If I try to comply with Payson's town ordinance, I run counter to the instruction I receive directly from the Department of Homeland Security in its employee eligibility verification I-9 form. At the top of that form, in bold block letters it reads, "Anti-Discrimination Notice." It explains that it is illegal for me to discriminate against an individual in hiring or discharging, based upon that individual's national origin or even citizenship status. It further explains that I cannot specify which documents I will accept from the employee. This is important.

When we fill out I-9 forms, we are required to review employee documentation. The applicant must show us one document from List A, or one document from List B and one document from List C on the I-9 instructions. List B documents can be any of the following: A driver's license from any of the 50 states, a school ID with photograph, a voter registration card, a Native American tribal document, a Canadian driver's license, a school report card, a clinic, doctor or hospital record or a nursery school record. It is impossible for me to become a documents expert for this variety of documentation.

List C can be a Social Security card, a certificate of birth abroad, a certificate of birth from any of the 50 states or a Native American tribal document. In essence, under the rules adopted by Homeland Security, I am not allowed to specify which of these documents my prospective employees produce. If they come forward with a day care or nursery school record and a birth certificate from Texas, I am not allowed, under federal law, to demand additional documentation or different forms.
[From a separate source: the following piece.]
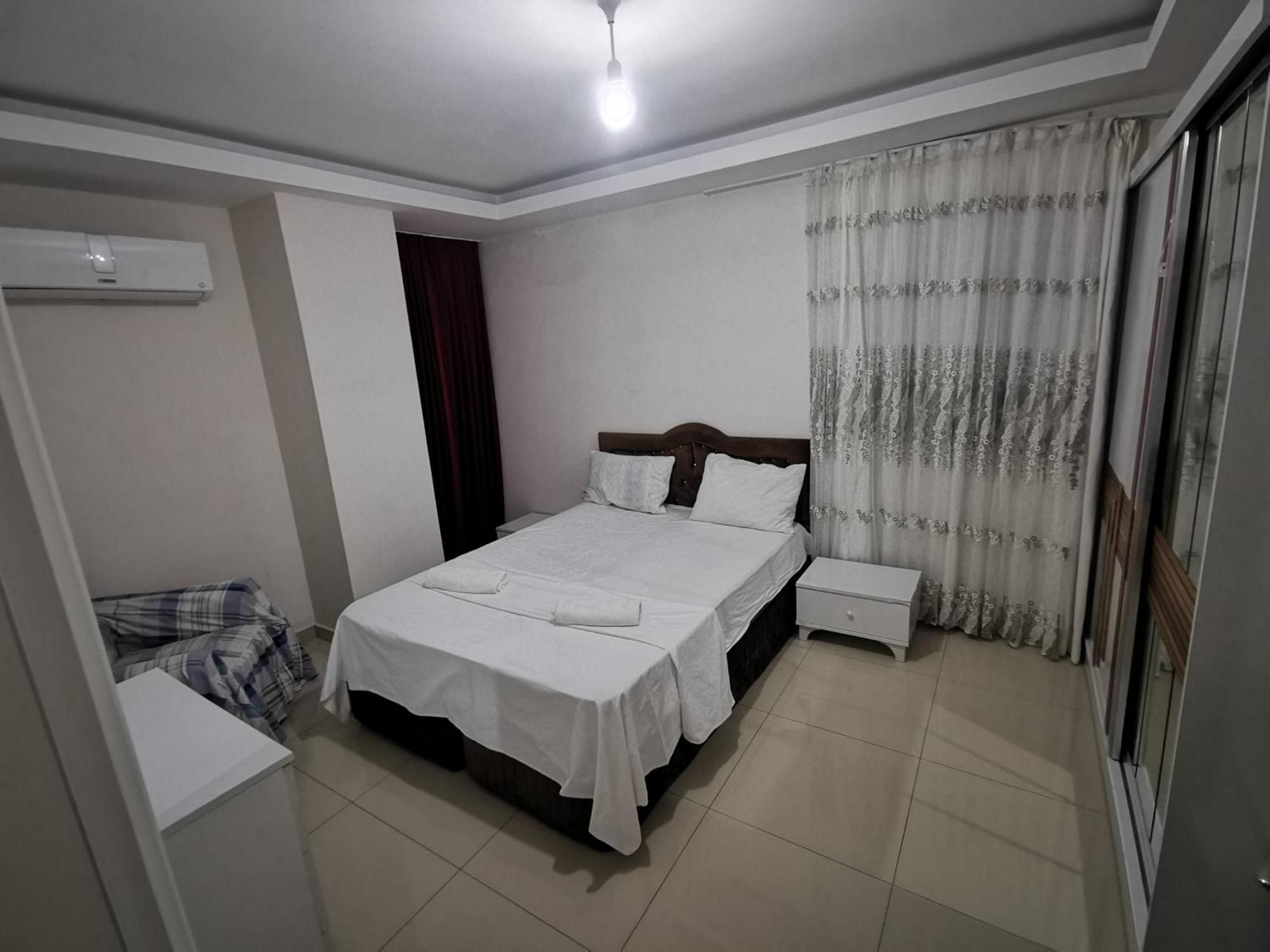 Apartment White Gold *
However, the Town of Payson has now subjected me to both criminal liability and the likelihood of losing my business license if I accept this documentation (as required by federal law) and one of my employees proves later to be an undocumented worker.

This ordinance needs additional thought.

I suspect the town council is not particularly concerned if a contractor is closed down for a few weeks because one of the members of his framing crew, with false identification, obtained a job. However, this ordinance applies to every business. How are the citizens of Payson going to feel if Wal-Mart is closed for three weeks because one of its maintenance workers landed an entry-level position with false documentation? Further, how keen will Wal-Mart, Home Depot, Safeway and Bashas' be about maintaining a presence in Payson when the town is criminally prosecuting their store managers for filing the required affidavit based upon a false ID?

I expect the council will respond, that all of this can be avoided if the employers simply reviewed documents more diligently to ensure that we do not hire undocumented workers. The problem with that theory is that it would demand that we obtain more documentation than allowed by the I-9 form. If we demand more documents, we run the risk of a discrimination lawsuit. If the large chains like Wal-Mart demand more documents, they run the risk of class action discrimination lawsuits.

If this ordinance is truly about illegal workers, then the ordinance should not ignore one of the largest employers in Payson. That employer is the Town of Payson. If the ordinance does go forward on July 1, 2007, it should go forward with an amendment, which applies equally to the Town as it does to the employers. The mayor must be required to sign an affidavit stating that he has reviewed the records of all the Town of Payson employees. His affidavit must further state that no Town of Payson employees are working here illegally, the same requirement of any employer under the ordinance. If the mayor's affidavit later proves to be false and we find that someone who is not here legally has a job with the Town, then the mayor would be subject to the same criminal prosecution as any business owner. Perhaps each council member could sign the same affidavit.

These are just some of the issues that should be reviewed by the citizens of Payson in a referendum on this ordinance.